Unlocking new opportunities for education in support of development #CPT10

Why is this important?

The United Nations Sustainable Development Goal 4 calls on the global community to ensure inclusive and quality education for all and promote lifelong learning. This same vision is at the core of the Cape Town Declaration and is a shared value of what open education hopes to achieve. As a movement, we need to center the role of open education in advancing development around the world.

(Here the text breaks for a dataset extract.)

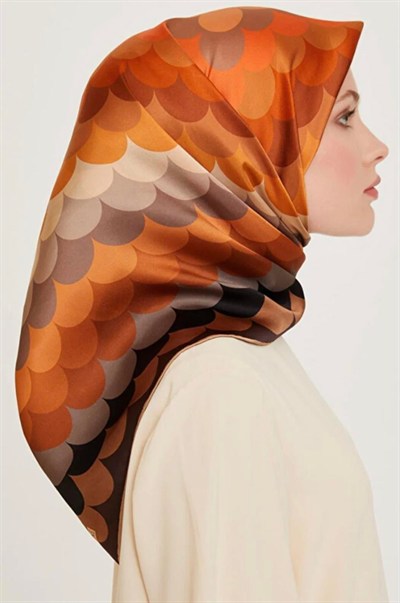 Armine İpek Eşarp Nostalji - 9212-33 Siyah Bakır Twill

The challenges to expanding educational opportunities related to development are manifold. Too often, a barrier is supplying quality, locally-relevant educational materials, especially in underserved languages and regions that traditional market mechanisms do not prioritize. Other challenges may be infrastructural, including the connectivity, power, or transportation systems needed for materials to reach students, especially in rural areas. Where access to technology is expanding, teacher training and digital literacy skills may not have caught up. While the specifics vary widely across countries and contexts, a common thread is that traditional approaches are not working and new approaches are needed.

What is the opportunity?

Open education creates opportunities for new approaches to learning resource development, including strategies and methods for reusing, translating, and adapting openly licensed content. Storyweaver by Pratham books is a great example of a project taking a new approach, allowing anyone to contribute by translating books into their own local language, or even create new stories based on pictures and illustrations shared by others. Books are openly licensed, and can be downloaded and printed locally.

Opportunities for localizing and distributing OER at scale are also expanding, including through the use of mobile devices. In Senegal, which has one of the fastest growing markets for self-paced online education, the project SeeSD is translating and adapting STEM OER to fit local needs. African Virtual University created an OER repository for African educators to share OER they create with each other and the world.

Access to educational materials is important, but not enough. There must be an equal emphasis on ensuring that teachers and schools are equipped with the training and support needed to discover, adapt, and effectively make use of OER with students, including basic digital literacy. Open education can provide new approaches here too, for example TESS-India is a professional development program to support the adoption of more learner-centred, effective classroom pedagogy with OER to benefit students.

How can you get involved?
  • Get involved as translator or content creator in projects like Storyweaver or African Storybook that support the production of locally relevant educational resources.
  • OER creators should follow best practices in making editable source files available, which makes it easier for others to translate and localize materials. Where possible, avoid proprietary formats that require the purchase of software to make changes.
  • Talk about open education as a pathway to address Sustainable Development Goal 4. The SDGs have high visibility in international circles, and this can help raise awareness of open education, and vice versa.
  • Review the study results from the Research on Open Educational Resources for Development (ROER4D) to understand more about OER in developing contexts.